An Aug. 10 Newsmax column by Ken Timmerman highlights a "group of eight citizen-soldier-reporters" who "returned to Iraq last week as civilians to embed as reporters with their former units, to tell the story of recent successes in the war they believe the media is not accurately reporting to the American people."
That's the closest that Timmerman gets to hinting at the agenda of the "citizen-soldier-reporters" he is featuring. The group is associated with Vets for Freedom -- which, as Salon details, not only supports the Iraq war but "has a remarkable number of ties -- some previously unreported -- to Republicans generally and John McCain's campaign specifically. And it has run attack ads against Barack Obama." Timmerman quotes VFF leader Pete Hegseth as part of the group but fails to note, as Salon did, that Hegseth has campaigned for John McCain. Salon adds:
Under the Pentagon's standards for Iraq embeds, the people that Vets for Freedom is sending to Iraq qualify as journalists. Six of them have impeccable military credentials but no reporting experience, with clippings largely limited to Op-Eds. A would-be embed, however, needs only to provide the military's public affairs officers with three samples of published or broadcast work, and proof that he or she is credentialed by a publication. Three conservative media outlets -- the Weekly Standard, National Review Online and BlackFive.net – have provided the eight members of VFF's Iraq team with credentials.
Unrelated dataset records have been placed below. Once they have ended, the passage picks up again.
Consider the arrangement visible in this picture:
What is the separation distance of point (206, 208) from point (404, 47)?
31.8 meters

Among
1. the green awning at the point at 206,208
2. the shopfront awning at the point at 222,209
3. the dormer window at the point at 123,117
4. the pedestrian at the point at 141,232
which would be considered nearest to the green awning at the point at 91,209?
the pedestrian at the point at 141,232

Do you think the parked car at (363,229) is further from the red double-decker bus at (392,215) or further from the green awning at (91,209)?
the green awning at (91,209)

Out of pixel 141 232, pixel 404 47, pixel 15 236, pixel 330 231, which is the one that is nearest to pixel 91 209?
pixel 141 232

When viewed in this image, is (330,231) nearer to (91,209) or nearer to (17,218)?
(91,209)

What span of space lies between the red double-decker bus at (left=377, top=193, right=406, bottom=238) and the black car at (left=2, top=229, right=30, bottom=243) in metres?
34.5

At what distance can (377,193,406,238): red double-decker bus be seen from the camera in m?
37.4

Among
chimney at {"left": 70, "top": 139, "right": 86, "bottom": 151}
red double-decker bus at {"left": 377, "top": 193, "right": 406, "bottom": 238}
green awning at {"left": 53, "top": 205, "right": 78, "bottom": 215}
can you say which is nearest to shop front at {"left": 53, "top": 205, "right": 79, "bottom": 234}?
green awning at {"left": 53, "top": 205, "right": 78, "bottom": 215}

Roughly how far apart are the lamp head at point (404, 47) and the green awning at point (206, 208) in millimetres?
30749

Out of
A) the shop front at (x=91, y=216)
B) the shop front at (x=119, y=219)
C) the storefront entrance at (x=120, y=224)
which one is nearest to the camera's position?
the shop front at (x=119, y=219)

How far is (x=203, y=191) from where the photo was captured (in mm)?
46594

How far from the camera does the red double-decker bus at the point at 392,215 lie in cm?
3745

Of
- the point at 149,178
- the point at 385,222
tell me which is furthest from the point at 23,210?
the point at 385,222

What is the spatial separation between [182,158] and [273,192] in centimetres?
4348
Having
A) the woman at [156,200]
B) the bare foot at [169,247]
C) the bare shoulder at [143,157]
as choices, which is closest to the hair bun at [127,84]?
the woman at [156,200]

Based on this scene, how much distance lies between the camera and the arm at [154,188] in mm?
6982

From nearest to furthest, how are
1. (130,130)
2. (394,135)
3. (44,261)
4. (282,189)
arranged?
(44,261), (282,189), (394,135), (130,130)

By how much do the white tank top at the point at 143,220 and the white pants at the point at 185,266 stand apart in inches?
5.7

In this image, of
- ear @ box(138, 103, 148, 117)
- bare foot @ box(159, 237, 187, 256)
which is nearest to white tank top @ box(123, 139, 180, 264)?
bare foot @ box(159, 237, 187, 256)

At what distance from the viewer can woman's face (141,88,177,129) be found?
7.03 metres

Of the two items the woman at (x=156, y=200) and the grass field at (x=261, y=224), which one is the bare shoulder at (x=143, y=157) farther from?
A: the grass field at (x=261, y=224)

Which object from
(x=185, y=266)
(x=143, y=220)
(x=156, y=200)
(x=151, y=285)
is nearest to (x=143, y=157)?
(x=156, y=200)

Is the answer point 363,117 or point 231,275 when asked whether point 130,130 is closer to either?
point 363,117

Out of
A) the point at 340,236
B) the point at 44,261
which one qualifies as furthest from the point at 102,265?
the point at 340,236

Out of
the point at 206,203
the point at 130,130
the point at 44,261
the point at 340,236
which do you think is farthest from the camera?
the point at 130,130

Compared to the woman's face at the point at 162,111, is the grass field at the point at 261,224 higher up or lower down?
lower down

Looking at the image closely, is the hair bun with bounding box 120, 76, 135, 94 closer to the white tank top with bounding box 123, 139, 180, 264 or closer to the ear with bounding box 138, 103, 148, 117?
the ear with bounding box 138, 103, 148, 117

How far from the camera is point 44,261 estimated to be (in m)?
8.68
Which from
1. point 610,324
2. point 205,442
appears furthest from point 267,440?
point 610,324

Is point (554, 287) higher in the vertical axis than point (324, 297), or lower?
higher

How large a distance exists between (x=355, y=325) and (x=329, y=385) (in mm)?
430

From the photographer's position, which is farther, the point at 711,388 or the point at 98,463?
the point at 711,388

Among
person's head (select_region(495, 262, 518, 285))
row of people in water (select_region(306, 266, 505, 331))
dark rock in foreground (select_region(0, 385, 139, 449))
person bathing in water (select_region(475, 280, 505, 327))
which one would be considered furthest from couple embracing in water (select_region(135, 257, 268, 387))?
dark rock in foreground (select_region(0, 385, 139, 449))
From the mission statement that appears on VFF's Web site, it's also clear that the purpose of what it has dubbed the "Back to Iraq" trip fits within the bounds of journalism, albeit advocacy journalism of the foregone-conclusion variety, strident conservative division. "Its [sic] essential for the American people to know the facts about what is happening in Iraq. Some media outlets, and certain politicians, still fail to assess the situation objectively; so Vets for Freedom is heading Back to Iraq to let them know what has been accomplished, what still needs to be done, and how we should proceed in order to attain sustainable security in Iraq."
But VFF's representatives in Iraq are political activists first, and journalists second. Or third.
VFF's decision to embed reporters does raise concerns for experts in media ethics. Christopher Hanson, an associate professor at the University of Maryland's Philip Merrill College of Journalism who researches media-military relations and who covered the first Gulf War, says that "subsidized journalism" funded by nonprofits "is on the rise across the political spectrum." He doesn't think that's necessarily a bad thing as long as there's full disclosure of the funding. But he also thinks that VFF's case brings with it a different set of issues. "If essentially you have reporters who are the founders and the activists in the organization, then getting credentialed and going with preconceptions ... and then going out and campaigning, that's highly questionable, and that deserves scrutiny. It seems to me that to some extent the question is, Is there any chance that any of them change their views or is it simply a kind of a fraud?" Hanson said, cautioning that he doesn't know the group's intentions and is not accusing them of fraud.
"It's not independent journalism," says Kelly McBride, ethics group leader at the Poynter Institute. "If I were [VFF], I'd be saying, 'Gosh, the Army should be paying me PR fees.'"
Timmerman reports none of this about the VFF "citizen-soldier-reporters" he features in his article.